Shame & Its Connection to the Stigma

By | March 23, 2020

As I was recovering from my second major bout of depression, I was introduced to Brene Brown’s well-known TedTalk on shame. It didn’t really make a lot of sense to me at the time. However, looking back on my two bouts of major depression and their lengthy recoveries, it is clear that I had a great deal of shame.

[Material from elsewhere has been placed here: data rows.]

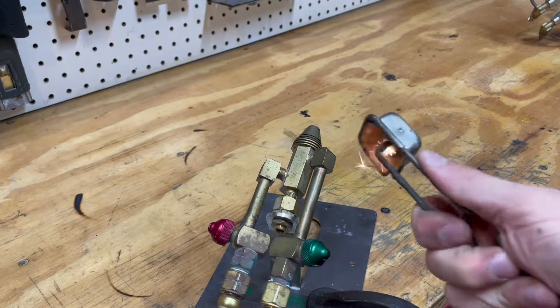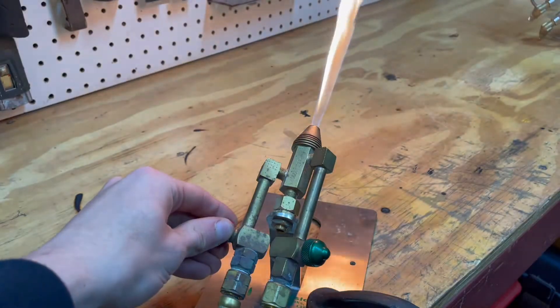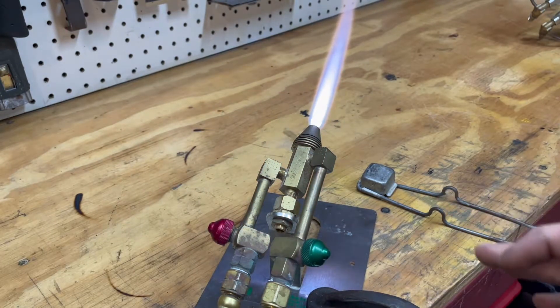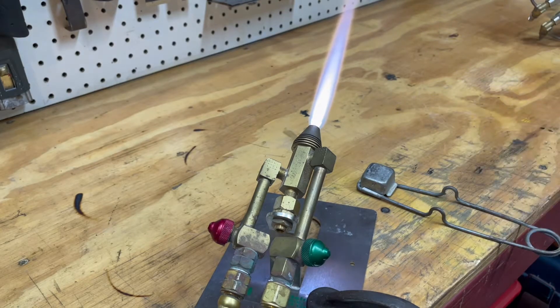Now how do you light your torch? Use a striker or you can use another torch to light it off. You begin by opening the red knob and you'll hear the gas start to come out, and you light it. Then you open up the oxygen. You're going to want to open it until the flames — or the candles where the gas mixes — become a whitish yellow at the tips. This means that you have a neutral flame. The different flame chemistry is important in glassblowing. Let me grab a pair of glasses and I'll take a closer look — the camera doesn't really pick it up unless you have special goggles on.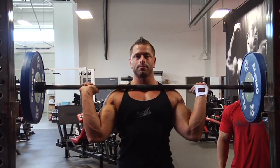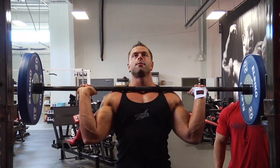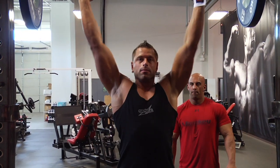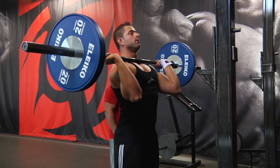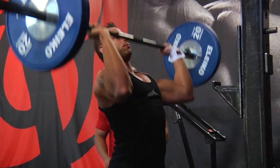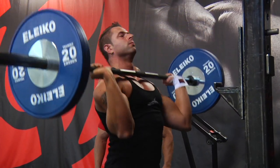You use a shoulder shelf position and press up. Squeeze the glutes — always push up from a strong and stable position.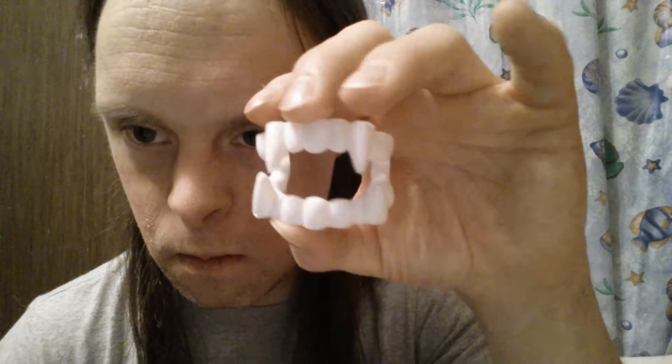Now I'm gonna show you a clip on CGI fangs that will grow, probably in vampires and werewolves. Check out this clip.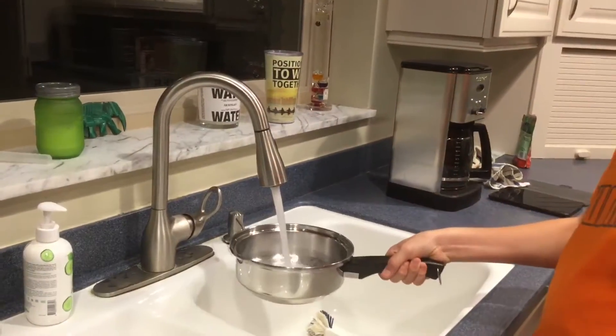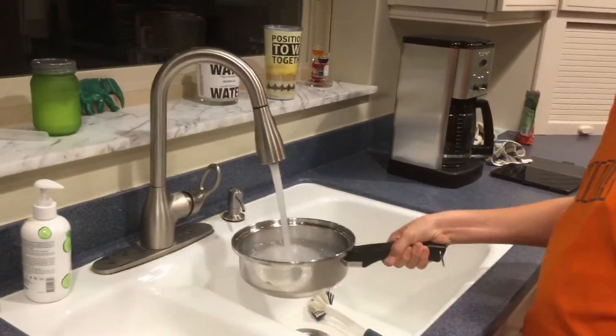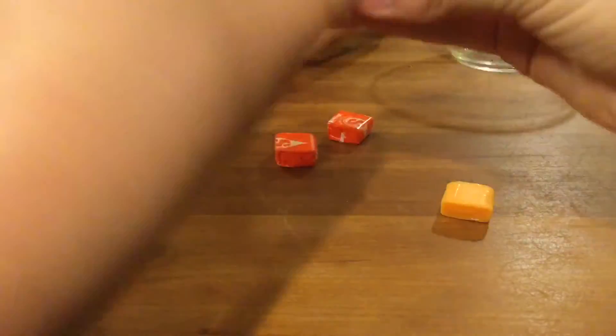So let's get started. You're going to fill your pot up with water, then you're going to put it on the stove and boil that. And while you're waiting you can unwrap your Starburst and have some fun with that.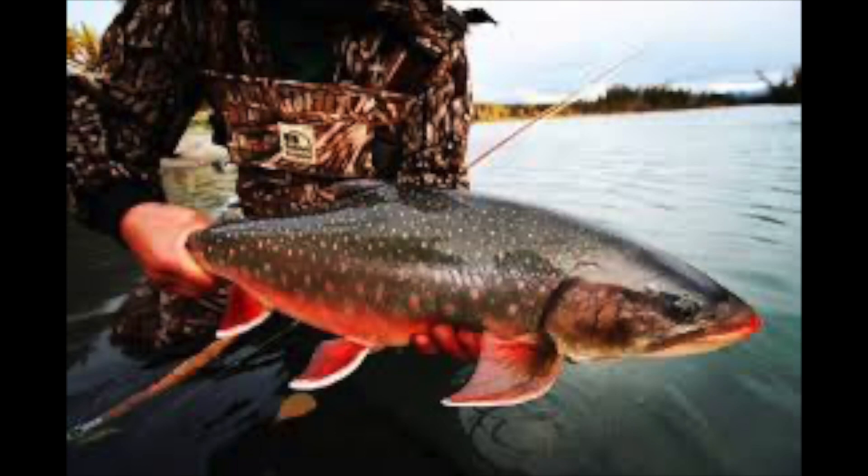Bull trout are a bucket list fish for me, and I'm willing to do the hiking and traveling. Bull trout have had a hard time of it, but I think they're starting to make a comeback. They are hyper-aggressive — they eat really big streamers, and cutthroat in their vicinity usually get eaten. They're not small either. I would love to catch a good 20-plus inch bull trout on a fly rod. That would be a dream.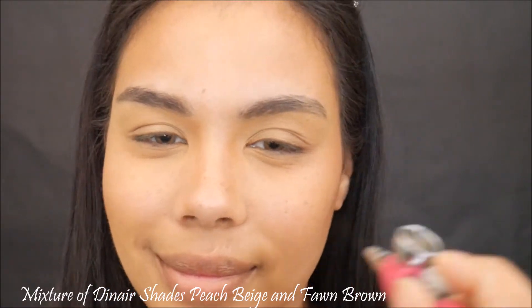Then I'm gonna take a mixture of Diner shades Peach Beige and Fond Brown and apply my blush like so — get that natural flush, maybe add a little bit more for a little pop. Yeah, I think I'm feeling that.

The first experiences I’m reminded of when I think of shame were the times I would go to the local pharmacy to pick up my medications (originally, several). I would wander around the store to make sure that there were no neighbors who I knew that would see me purchasing medications. What would I say if they happened to ask what medications I was getting? How would I respond if they asked me if I was sick? Now, also in hindsight, there was clearly a component of anxiety in play at the time. Anxiety often goes hand-in-hand with depression. That being said, there was clearly a component of shame in taking medications for a mental illness. When I’d return home from the stressful trip to the pharmacy, not only would I immediately throw out the receipt or any other evidence that I was taking an anti-depressant, but I would be sure to first tear it into many pieces. I also quickly hid the medicine in my underwear drawer, just in case someone would come into our master bedroom and see them.

When I first had depression, I would see my family doctor for medications. I remember sitting in the waiting room, wondering what would happen if someone from work  would happen to see me? Would I lie and say that I was there for a physical? I remember jockeying to find a seat in the waiting area that was conspicuous enough spot so that very few people could see me. I’d even hold a magazine near my face, covering it as best possible without being obvious. Focusing more on not being seen than actually reading any of the words on the pages. All of these actions, again, based upon my shame of needing to see a doctor for depression.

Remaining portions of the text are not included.